* _Task brief_: All of the lines below are to be transcribed faithfully, with pictures excluded from the copy.

** Opening Supplied information block **

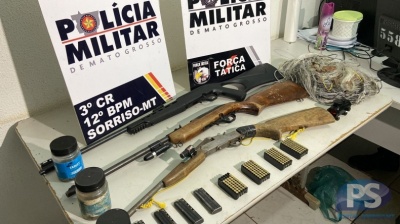 trio é levado à delegacia por porte ilegal de arma de fogo em Sorriso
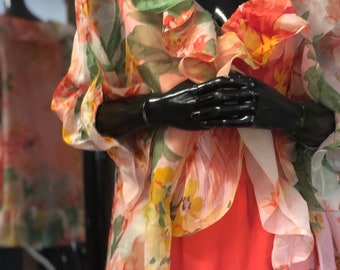 Vestido de seda numerado de los años 60 Yves Saint Laurent Haut Couture vestido de seda en buen tamaño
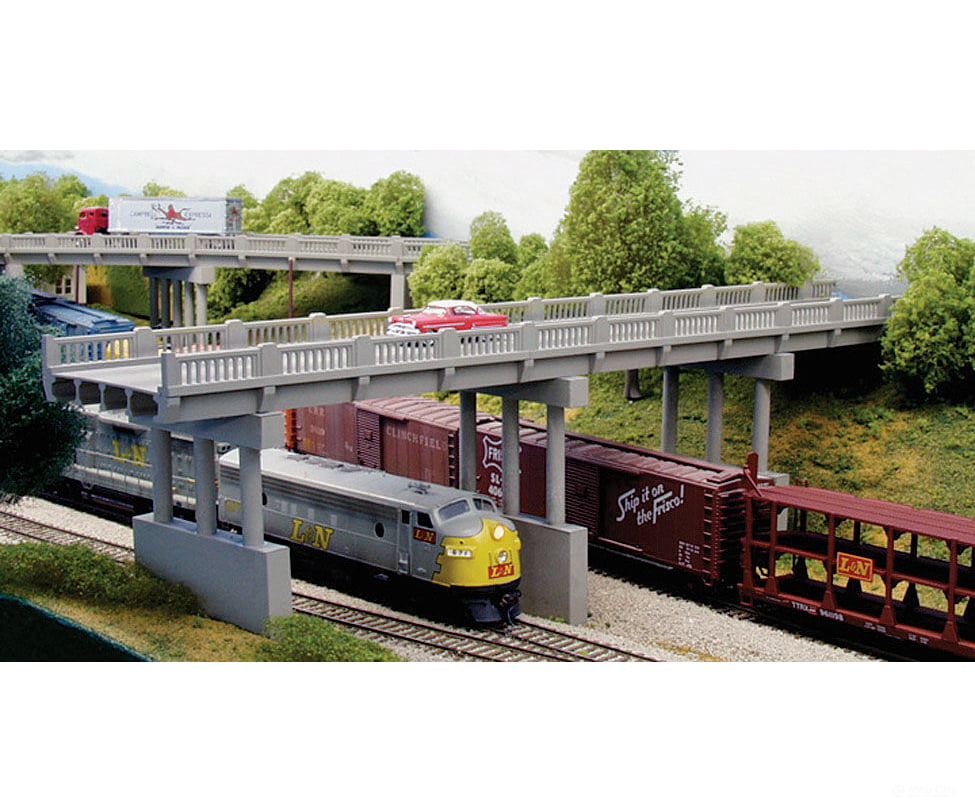 Rix Products 153 1930s Highway Overpass with 4 Piers -- Kit - Scale Length: 150’ 45.7m Structures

** Closing Supplied information block **

* _Task output_:
 trio é levado à delegacia por porte ilegal de arma de fogo em Sorriso
 Vestido de seda numerado de los años 60 Yves Saint Laurent Haut Couture vestido de seda en buen tamaño
 Rix Products 153 1930s Highway Overpass with 4 Piers -- Kit - Scale Length: 150’ 45.7m Structures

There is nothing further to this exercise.